Many photo hosting services offer links like norm pointed out, which are useful because the img tags have already been added. You can still right-click an image somewhere online, though, hit the "copy image URL" option, then paste here and type those tags around the image.

Judging by the photos Khorne's Fist reposted, you have a good start. I look forward to seeing how things pan out!


----------



## Meat_Cleaver (Oct 24, 2012)

Thanks to everyone for all the help. I hope to get this blog to be about my army again. :laugh:

I've been busy with finals this week, but I managed to get a little work done. I was hoping to finish him tonight, but the arm is 9 pieces plus sculpting... It took a lot longer than i expected.



















I also have a WIP shot of his backpack. I'm pretty sure I'll have the model finished by tomorrow.


----------



## Warpath (Nov 27, 2007)

Nice start to the thread, looks like this was worth the wait and will be a intersting thread to follow.


----------



## humakt (Jan 2, 2008)

A nice looking start to the army. I think this qualifies as a project log so I will move the thread there. I look forward to seeing this army develop.


----------



## Meat_Cleaver (Oct 24, 2012)

He's not quite finished, but I got a lot of work done. There's just several little things I still need to sculpt and fix up. ...and then there's the scaled cloak. That'll take awhile. At least I get to look forward to doing 14 more of them... Anyway, on to the pictures!
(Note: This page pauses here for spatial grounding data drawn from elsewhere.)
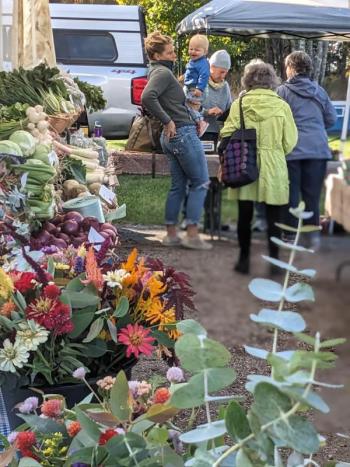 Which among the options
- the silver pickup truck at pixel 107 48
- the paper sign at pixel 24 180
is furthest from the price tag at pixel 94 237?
the silver pickup truck at pixel 107 48

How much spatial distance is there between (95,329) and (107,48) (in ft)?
33.9

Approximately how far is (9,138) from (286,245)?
2.42m

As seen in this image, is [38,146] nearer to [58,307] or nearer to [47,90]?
[47,90]

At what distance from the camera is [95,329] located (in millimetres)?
1808

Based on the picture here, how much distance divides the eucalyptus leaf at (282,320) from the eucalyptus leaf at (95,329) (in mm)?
1120

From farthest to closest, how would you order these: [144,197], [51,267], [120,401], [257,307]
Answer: [144,197] → [257,307] → [51,267] → [120,401]

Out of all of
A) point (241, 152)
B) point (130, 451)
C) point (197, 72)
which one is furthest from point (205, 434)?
point (197, 72)

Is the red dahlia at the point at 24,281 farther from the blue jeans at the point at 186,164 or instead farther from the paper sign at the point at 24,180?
the blue jeans at the point at 186,164

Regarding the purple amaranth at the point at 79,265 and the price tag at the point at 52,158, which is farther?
the price tag at the point at 52,158

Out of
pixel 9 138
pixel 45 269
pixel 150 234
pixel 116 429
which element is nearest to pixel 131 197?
pixel 150 234

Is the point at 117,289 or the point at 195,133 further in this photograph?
the point at 195,133

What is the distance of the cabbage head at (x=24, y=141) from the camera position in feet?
9.36

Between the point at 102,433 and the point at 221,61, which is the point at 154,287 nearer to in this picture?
the point at 102,433

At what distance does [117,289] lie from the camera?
1.88m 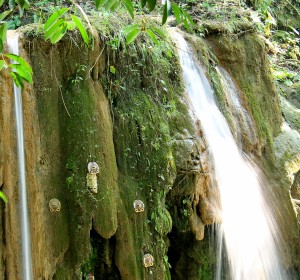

Any ideas what should go on the blank shoulder pad? I was thinking an "A", but that's similar to their original icon. I'm leaning towards putting "XX" on there, but I'm not sure. I was thinking of getting some stuff to start casting the shoulder pads once I think of an idea. Then I can also cast the CSM Nurgle champ heads too.


----------



## ntaw (Jul 20, 2012)

This really helped me get going on casting custom stuff. Hopefully it helps, but it does take some time.

This one shows some sweet Alpharius/Omegon truescale stuff. I personally dig the way he did the chains on the edges of the letters, and the serpents across the chest is really cool as far as I'm concerned. Maybe they will help to inspire something for that blank shoulder pad.


----------



## Kreuger (Aug 30, 2010)

Looking really good, man. Keep it up!

As for photo sites, I've been using Flickr to host mine and I've been very happy (I'm not crazy about photobucket).


----------



## Jacobite (Jan 26, 2007)

These are great! I really like the way you have been constructig those thigh portions and your GS stuff is smooth. Looking forward to seeing these guys with paint on them.


----------